U.S. President Barack Obama told reporters in London Wednesday that he is still confident the Palestinian Authority will get its own state.
But, he said, it's a mistake for the PA to attempt to create that new country through an appeal to the United Nations. He reiterated, as he did in his Middle East policy speech, that the resolution of the conflict rests on four points -- permanent borders, Israel's security, Jerusalem and the disposition of the Palestinian refugees and their generations of descendants. The last two points, he added, were "extraordinarily emotional" and would demand "wrenching concessions." He did not specify from whom the concessions would need to be made.
Obama met with journalists at a joint news conference with UK Prime Minister David Cameron following a private meeting between the two.
“My goal, as I set out in a speech I gave last week,” said Obama, “is a Jewish State of Israel that is safe and secure and recognized by its neighbors, and a sovereign State of Palestine in which the Palestinian people are able to determine their own fate and their own future.
“I am confident that can be achieved,” he said.

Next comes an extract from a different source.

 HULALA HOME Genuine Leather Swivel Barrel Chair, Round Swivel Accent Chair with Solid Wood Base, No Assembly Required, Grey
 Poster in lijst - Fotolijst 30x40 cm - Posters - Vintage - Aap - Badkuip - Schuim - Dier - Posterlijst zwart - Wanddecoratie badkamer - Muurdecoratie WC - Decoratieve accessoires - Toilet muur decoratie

But then he added a warning, “For the Palestinians to take the United Nations route rather than the path of sitting down and talking with the Israelis is a mistake.”
He also noted that it is unrealistic for Israel to be expected to sit down with a PA government that includes Hamas, which has refused to recognize Israel's right to exist, and has not renounced violence, Reuters reported.
Both Obama and Cameron also agreed that it is time for Libyan dictator Muammar Qaddafi to end his 41-year regime.
“It is impossible to imagine a future for Libya with Qaddafi still in power,” commented Cameron. “He must go.”